CAR-T Has Emerged as A New Force in Autoimmune Diseases. What Challenges Will It Face?

CAR-T cell therapy has achieved remarkable results in the field of hematological malignancies and is expanding to clinical trials for solid tumors, infectious diseases, and autoimmune diseases.

In recent years, CAR-T cell therapy has successfully treated a variety of autoimmune diseases including systemic lupus erythematosus, idiopathic inflammatory myopathy, myasthenia gravis, and multiple sclerosis. CAR-T cell therapy for autoimmune diseases was also selected as one of the top ten scientific breakthroughs of Science in 2024.

The application of CAR-T cell therapy in autoimmune diseases began with Professor Georg Schett of the University of Erlangen-Nuremberg in Germany. In 2021, the team led by him successfully treated a patient with relapsed/refractory systemic lupus erythematosus (SLE) for the first time using CAR-T cell therapy, opening up a new direction for CAR-T cell therapy.

Recently, Professor Georg Schett published a review paper entitled: Advancements and challenges in CAR T cell therapy in autoimmune diseases in Nature Reviews Rheumatology, a review journal under Nature.

This review comprehensively interprets the progress and challenges of CAR-T cell therapy in autoimmune diseases, including which autoimmune diseases are suitable for CAR-T? What are the applicable targets? What other issues are worth considering in terms of safety, effectiveness and patient management?

As we all know, CAR is inserted into immune cells through genetic engineering, and the extracellular region consists of a single immunoglobulin variable chain for antigen binding, and the intracellular region activates effector cells. At present, in the treatment of autoimmune diseases, most of the patients' autologous T cells are selected, and CAR is introduced through lentiviral vectors.

New CAR constructs are being developed with the aim of selectively eliminating B cells that express specific antigens. After infusion, CAR-T cells rapidly bind to and kill pathological B cells in autoimmune diseases and undergo initial expansion. At the same time, CAR-T cells can also continuously and effectively bind to target cells and eliminate them.

Fig. 1. Vector constructs used for CAR T cell generation in autoimmune disease.

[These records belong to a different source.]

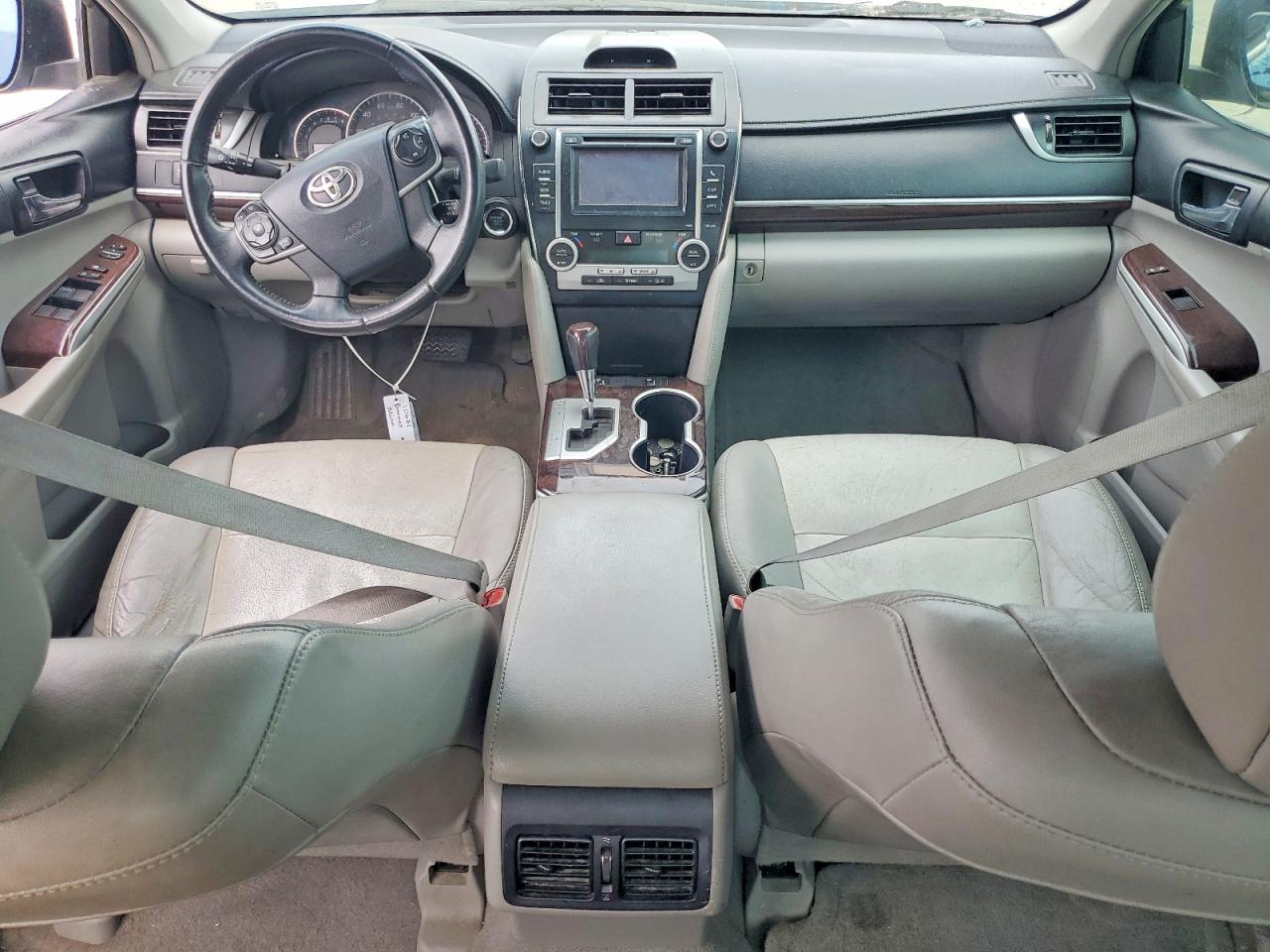2012 TOYOTA CAMRY XLE photo 15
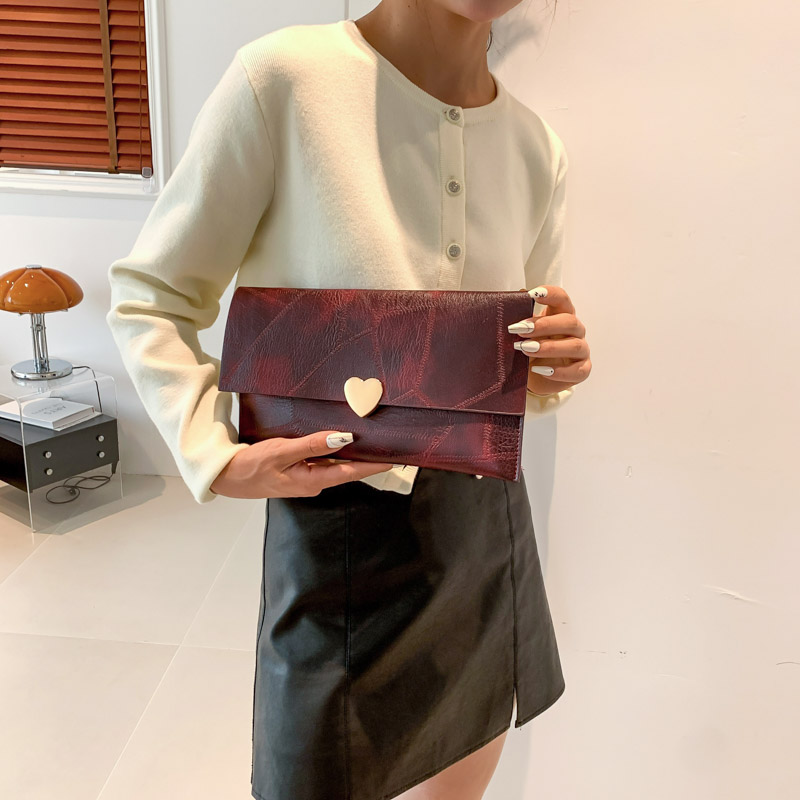 Women's All Seasons Pu Leather Color Block Vintage Style Square Magnetic Buckle Clutch Bag display picture 2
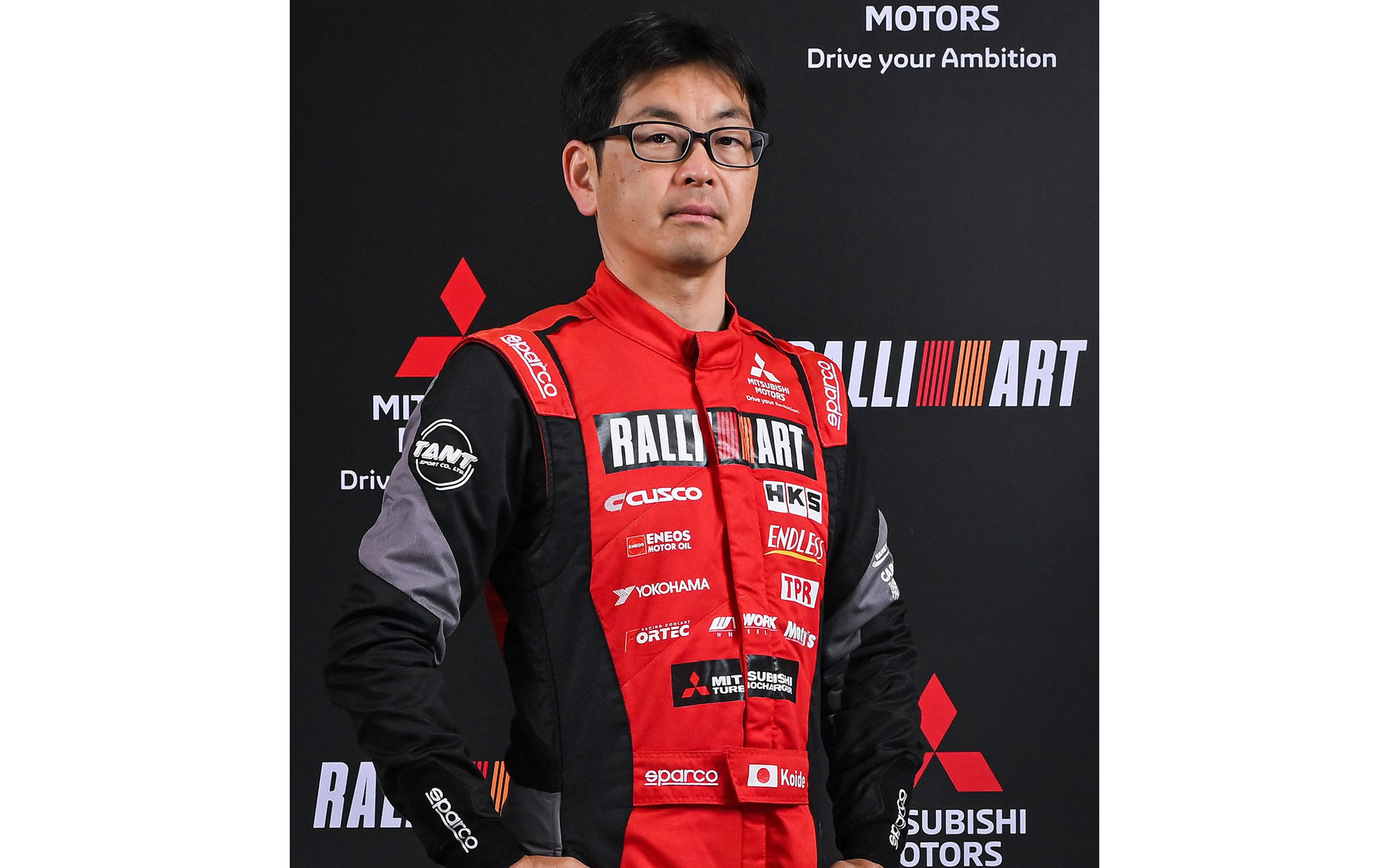 小出一登選手。三菱自動車のテストドライバーとして、これまでに「パジェロ」や「ランサーエボリューション」など、数々の新型車の試験を担当。現在ではテストドライバーの運転教育インストラクターや国内外イベントなどでデモンストレーションドライバーを務める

CAR-T can deeply deplete B cells. The depletion of B cells is not only conducive to the elimination of plasmablasts that produce autoantibodies, but also can regulate disease inflammation by abolishing the antigen presentation function of B cells and cytokines. Therefore, CAR-T cell therapy may have unexpected effects in autoimmune diseases with B cells and autoantibodies as the core of the disease, such as systemic lupus erythematosus, idiopathic inflammatory myopathy, systemic sclerosis, etc.

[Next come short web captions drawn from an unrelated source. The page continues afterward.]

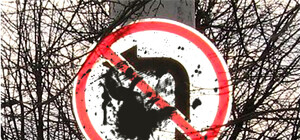 Вопрос - ответ: что делать, если на дороге закрашенный или сломанный знак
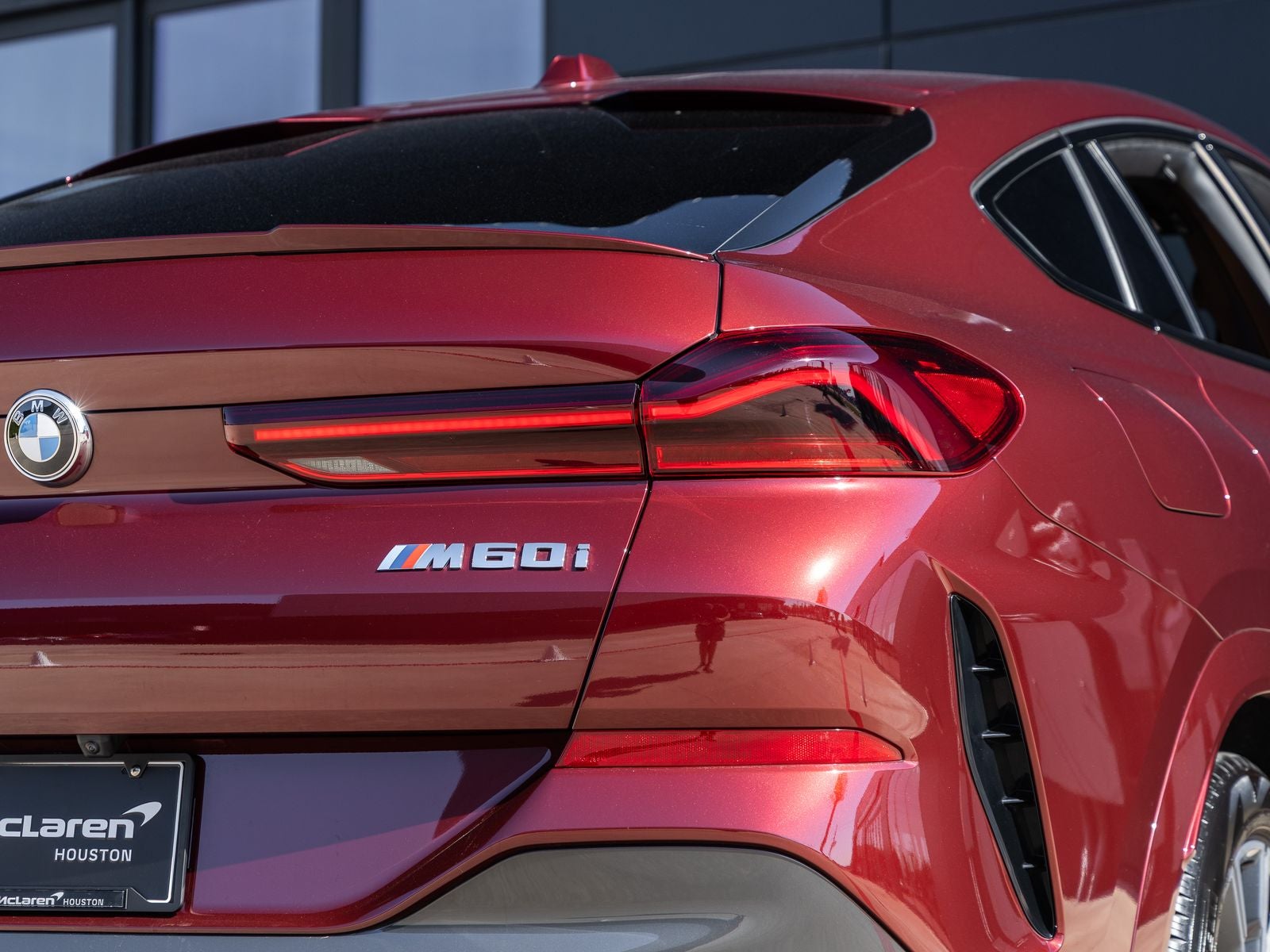 2025 BMW X6 M60i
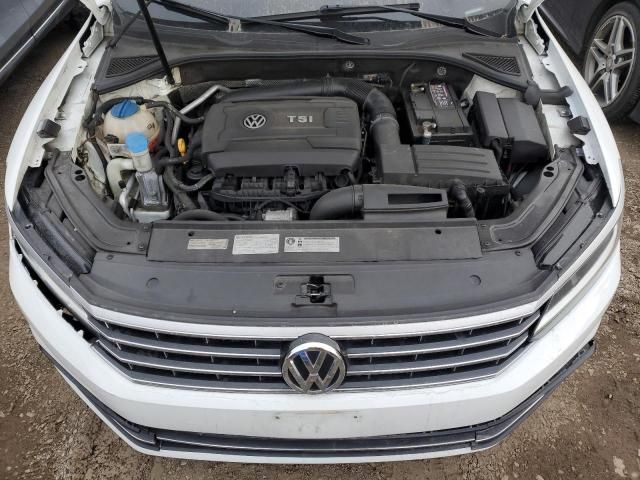 2016 Volkswagen Passat SEL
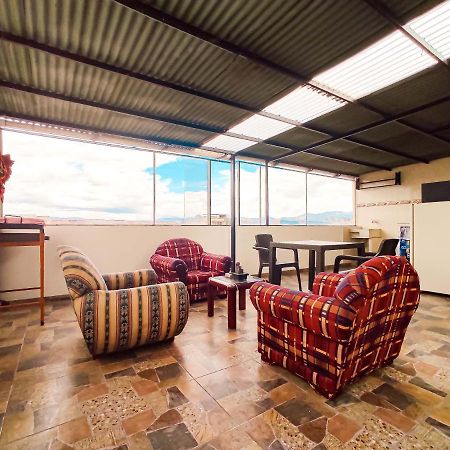 Hermoso Apartaestudio A 10 Minutos Del Aeropuerto Bogotá Exteriör bild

For autoimmune diseases such as psoriasis, inflammatory bowel disease, and spondyloarthritis caused by abnormal T cell activation and IL-23 and IL-17-mediated inflammation, CAR-T cells are difficult to respond and may require more appropriate cell therapies, such as Treg cells or mesenchymal stem cell transplantation.

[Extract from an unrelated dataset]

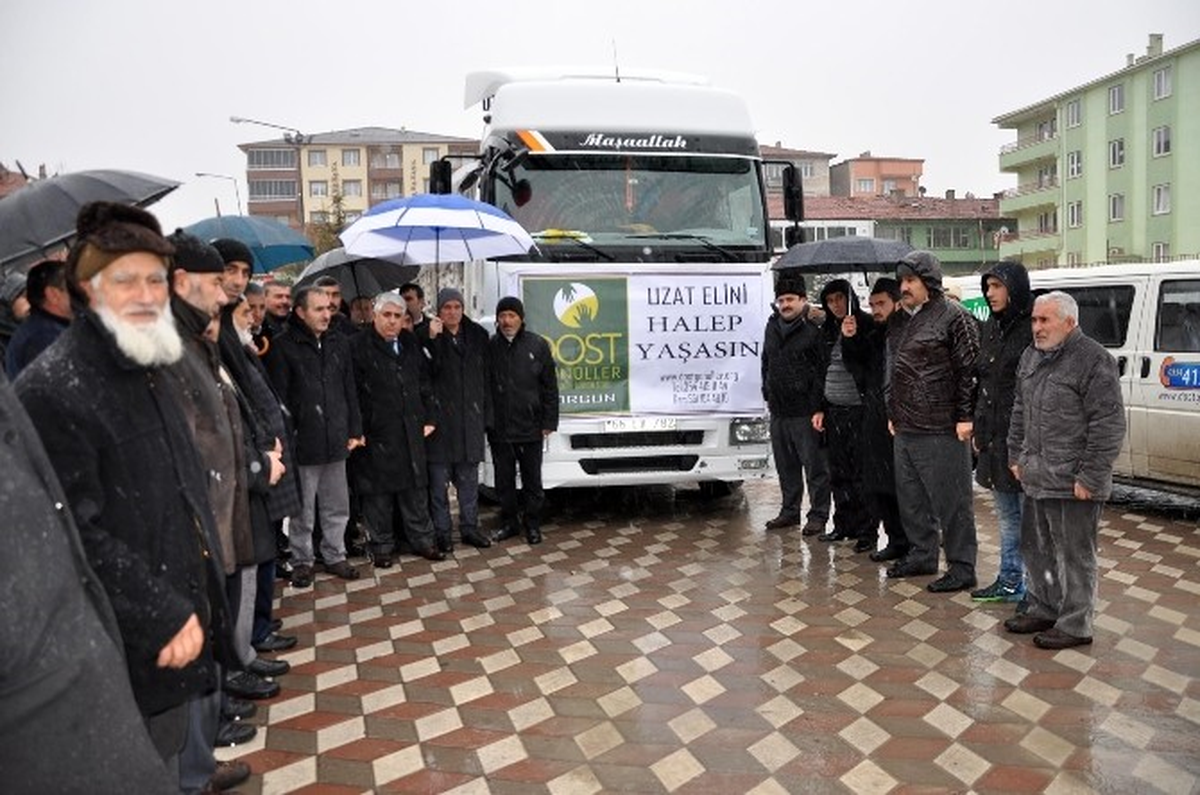 Sorgun\'dan Halep\'e 1 Tır Dolusu Un ve Battaniye Yola Çıktı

Evaluating the effect of CAR-T cell therapy depends not only on the physiological mechanism of the disease, but also on whether there are measurable and reliable clinical endpoints. For example, it takes several years for patients with multiple sclerosis to prove that the disease attacks are reduced or disappeared, and long-term research is challenging.

CAR-T target selection is equally important. Most CAR-T cells for the treatment of autoimmune diseases now target CD19 or BCMA. CD19 is highly specific to the B cell lineage and is expressed throughout the B cell differentiation pathway. BCMA is preferentially expressed in mature B cell populations, including memory B cells, plasmablasts, and plasma cells, and may be more advantageous.

CD38 is also a target worth paying attention to for CAR-T. It is expressed on plasma cells, early B cells, T cell subsets, and NK cells, and can provide different target cell spectra. Targeting CD38 does not affect mature B cells, but targets antibody-producing cells, which has advantages in clearing B cells in the early differentiation stage.

In general, CAR-T has "crossed over" from the field of oncology to autoimmune diseases and is rewriting its treatment rules. Developing more targets or dual-target combinations to cover a wider range of B cell lineages can reduce the off-target risk of CAR-T cell therapy and improve safety and effectiveness.